▶ [What you should do] Skipping any pictures, repeat exactly and only the lines from the one that holds "Set di decorazioni" to the last line of the material, both included.

▶ [Entries shown]
▽

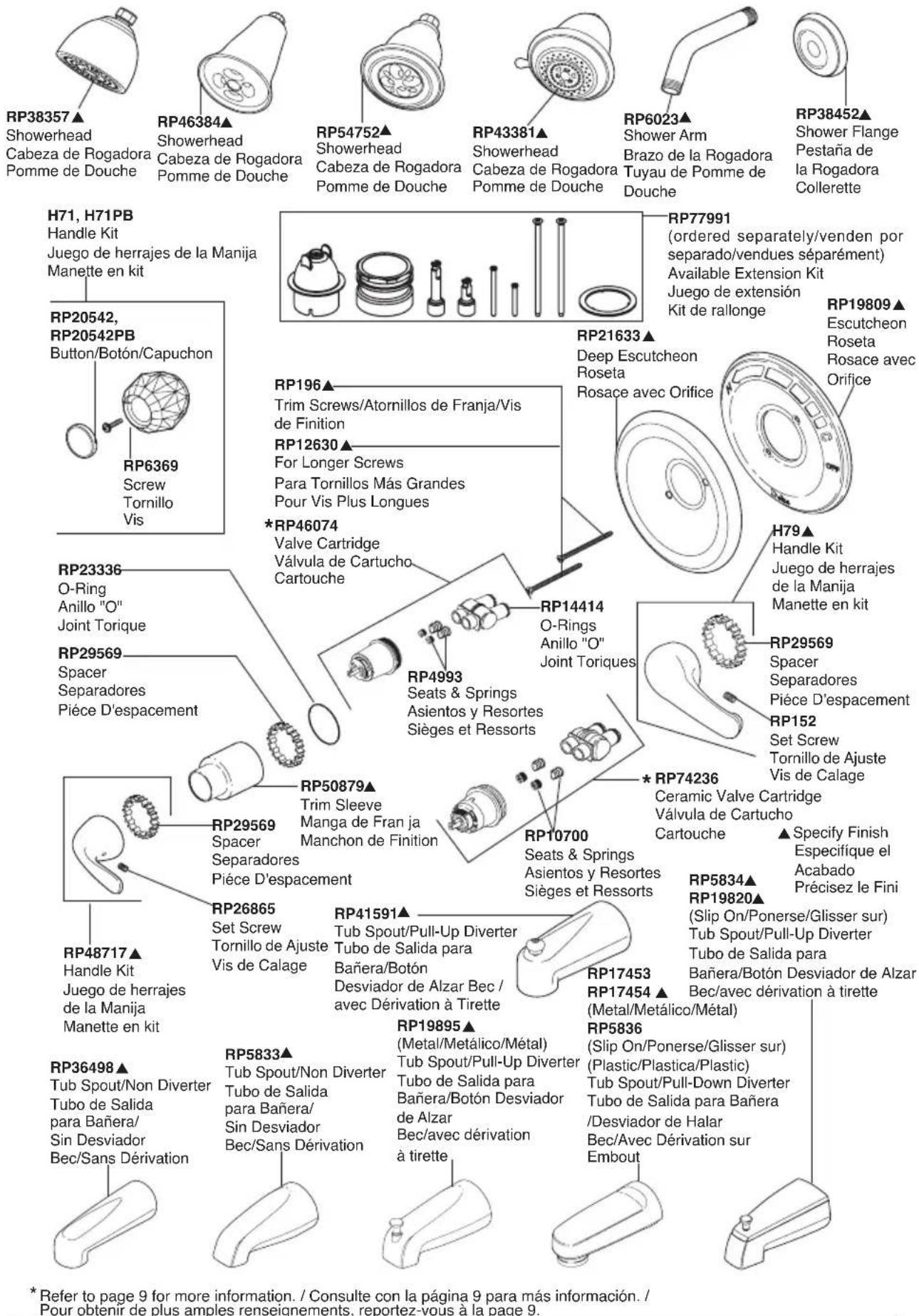 DELTA T14251WE - T13020, T13022, T13120, T13122, T13220, T13220-H2O, T13222, T13220-SHCCER, T13420-SHCCER, T13420, T13420-H2O& T13422 Models / Modelos / Modèles - 1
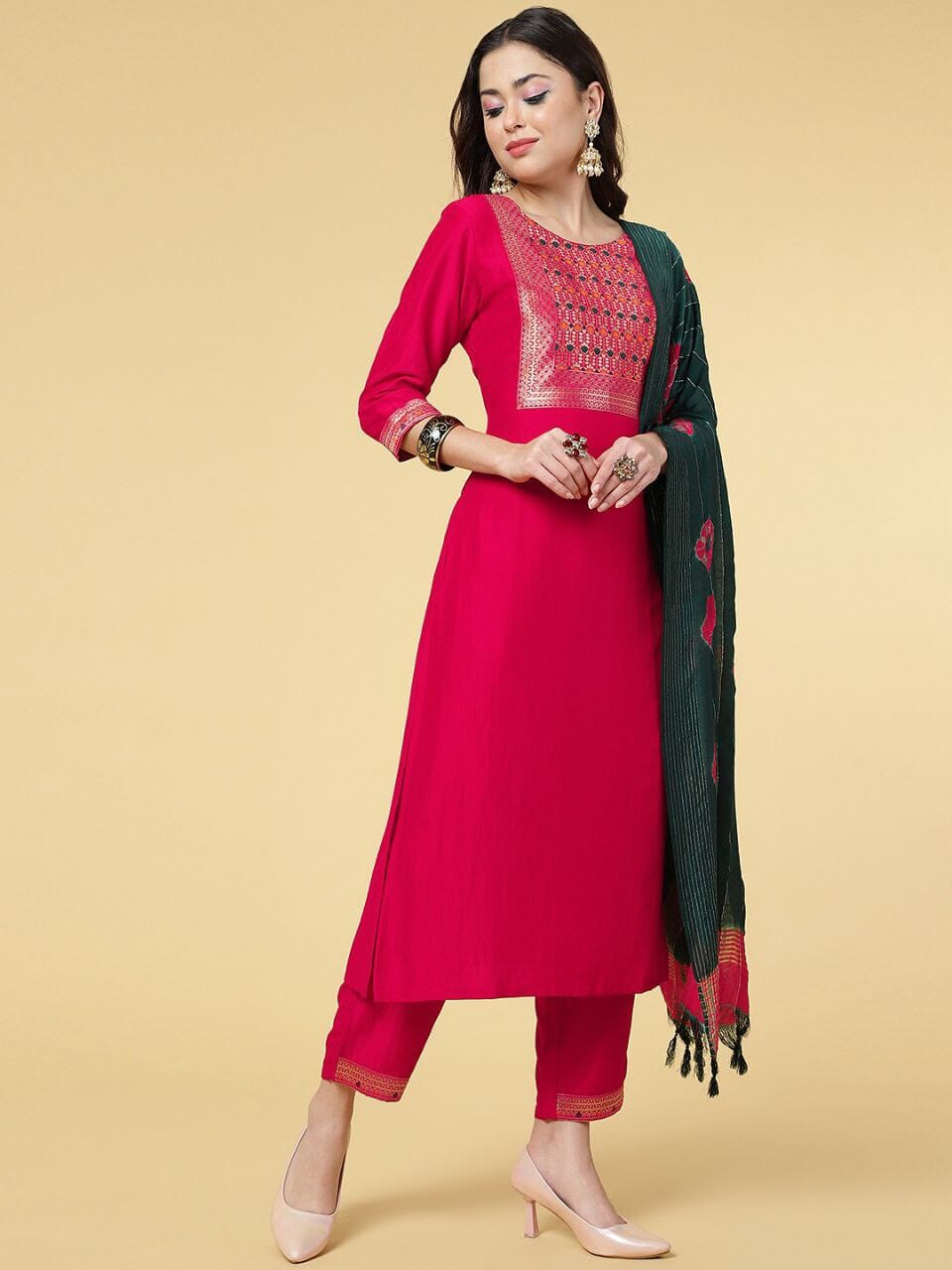Red Chinon Chanderi Designer Kurti with Dupatta and Bottom Kurti with Dupatta and Bottom Shopin Di Apparels 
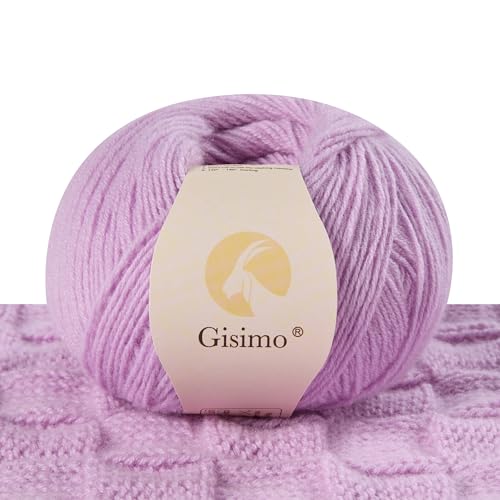 Gisimo 100 % innermongolisches Kaschmirgarn, 6-lagig, luxuriöses und weiches Garn zum Handstricken & Häkeln (Hellviolett, 1 Knäuel) von Gisimo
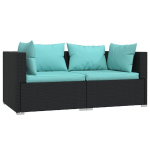 Dvivietė sofa，Poilsio sofa su pagalvėlėmis, juodos spalvos, poliratanas CFE80261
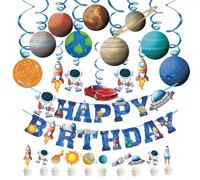 Set di decorazioni per pianeti - 26 pezzi modello di sistema solare, spazio per la cameretta dei bambini, decorazione con astronauti e razzi, ghirlande spaziali per feste di compleanno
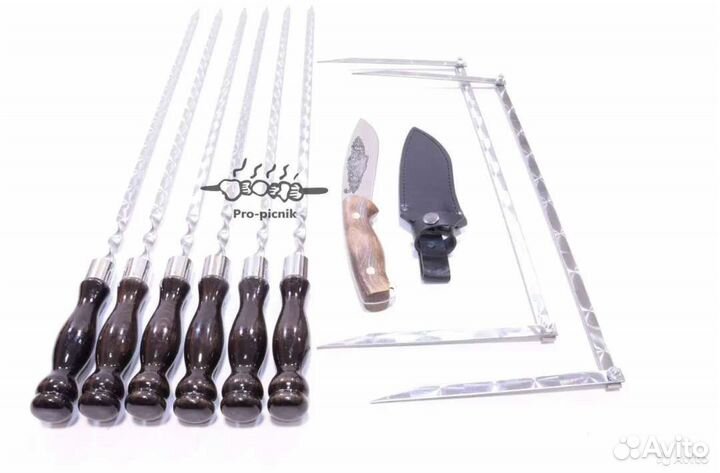 Набор шампуров с ножом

△

▶ [Answer area]
 Set di decorazioni per pianeti - 26 pezzi modello di sistema solare, spazio per la cameretta dei bambini, decorazione con astronauti e razzi, ghirlande spaziali per feste di compleanno
 Набор шампуров с ножом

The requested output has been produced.